Intermediate

SageMaker Training

Master model training on SageMaker with built-in algorithms, custom training scripts, distributed training, and cost optimization with spot instances.

Built-in Algorithms

SageMaker provides 17+ optimized, built-in algorithms ready to use without writing training code:

AlgorithmTypeUse Case
XGBoostClassification/RegressionTabular data, feature-rich datasets
Linear LearnerClassification/RegressionLinear relationships, high-dimensional data
K-Nearest NeighborsClassification/RegressionSimilarity-based prediction
Image ClassificationComputer VisionImage categorization with ResNet
Object DetectionComputer VisionLocating objects in images
BlazingTextNLPText classification, word embeddings
DeepARTime SeriesForecasting with autoregressive models
K-MeansClusteringUnsupervised grouping

Custom Training Jobs

For custom models, SageMaker supports bringing your own training scripts with popular frameworks:

  • Script mode: Provide a Python training script, and SageMaker handles the infrastructure
  • Framework containers: Pre-built Docker containers for TensorFlow, PyTorch, Scikit-learn, Hugging Face, and XGBoost
  • Custom containers: Build your own Docker container with any framework or dependencies
  • Input channels: Data is automatically downloaded from S3 to the training instance at /opt/ml/input/data/
  • Model output: Save model artifacts to /opt/ml/model/ and SageMaker uploads them to S3
💡
Training workflow: SageMaker provisions instances, downloads your data from S3, runs your training script, saves the model to S3, and then terminates the instances.
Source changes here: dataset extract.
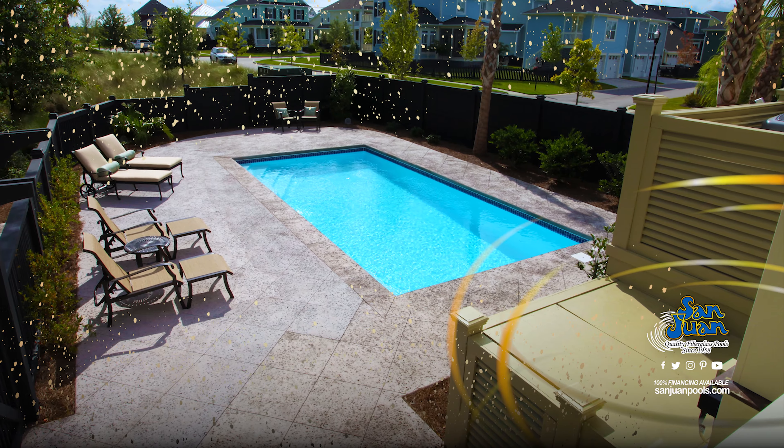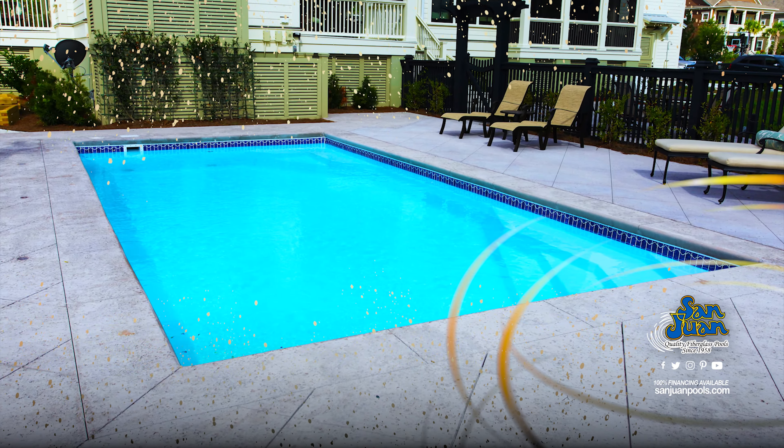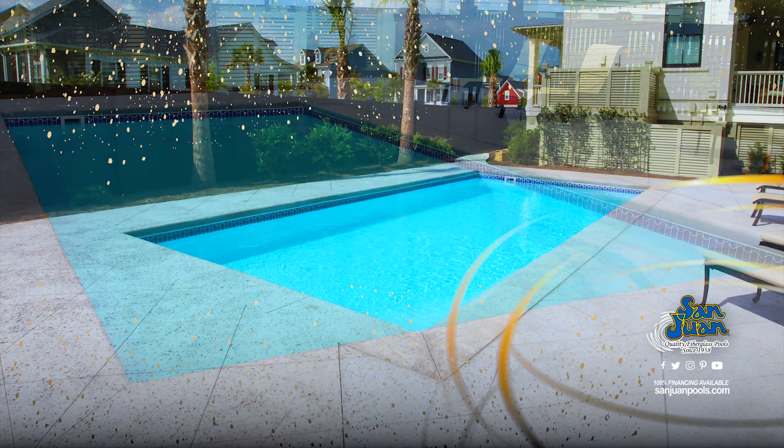By design, the Stockholm is a bit more compact with an overall length of 26 feet 3 inches. This pool shape is popular for homes with smaller backyards and modern design tastes.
You only pay for the time the training job runs — billed per second.

Distributed Training

SageMaker simplifies distributed training across multiple instances and GPUs:

  • Data parallelism: Split data across multiple GPUs/instances — each processes a subset and gradients are synchronized
  • Model parallelism: Split large models across multiple GPUs when a model doesn't fit in a single GPU's memory
  • SageMaker Distributed: Optimized libraries for both data and model parallelism with near-linear scaling
  • Horovod support: Use Horovod for distributed TensorFlow and PyTorch training
  • Multi-GPU instances: Use instances like ml.p3.16xlarge (8 V100 GPUs) or ml.p4d.24xlarge (8 A100 GPUs)

Hyperparameter Tuning

SageMaker Automatic Model Tuning (AMT) finds optimal hyperparameters:

  • Bayesian optimization: Intelligently explores the hyperparameter space based on previous results
  • Random search: Explore hyperparameters randomly for broad coverage
  • Grid search: Exhaustively test all combinations of specified values
  • Warm start: Continue tuning from previous tuning job results
  • Early stopping: Automatically stop poorly-performing training jobs to save resources

Spot Instances

Managed Spot Training can reduce training costs by up to 90%:

  • Automatic checkpointing: SageMaker saves training progress so jobs can resume if interrupted
  • Transparent management: SageMaker handles spot instance acquisition and interruption automatically
  • Max wait time: Set a maximum waiting time for spot capacity to become available
  • Fallback: Optionally fall back to on-demand instances if spot isn't available within your time limit
Pro tip: Always enable managed spot training for non-urgent training jobs. Set use_spot_instances=True and max_wait in your Estimator configuration. The savings are substantial and SageMaker handles all the complexity of checkpointing and resumption.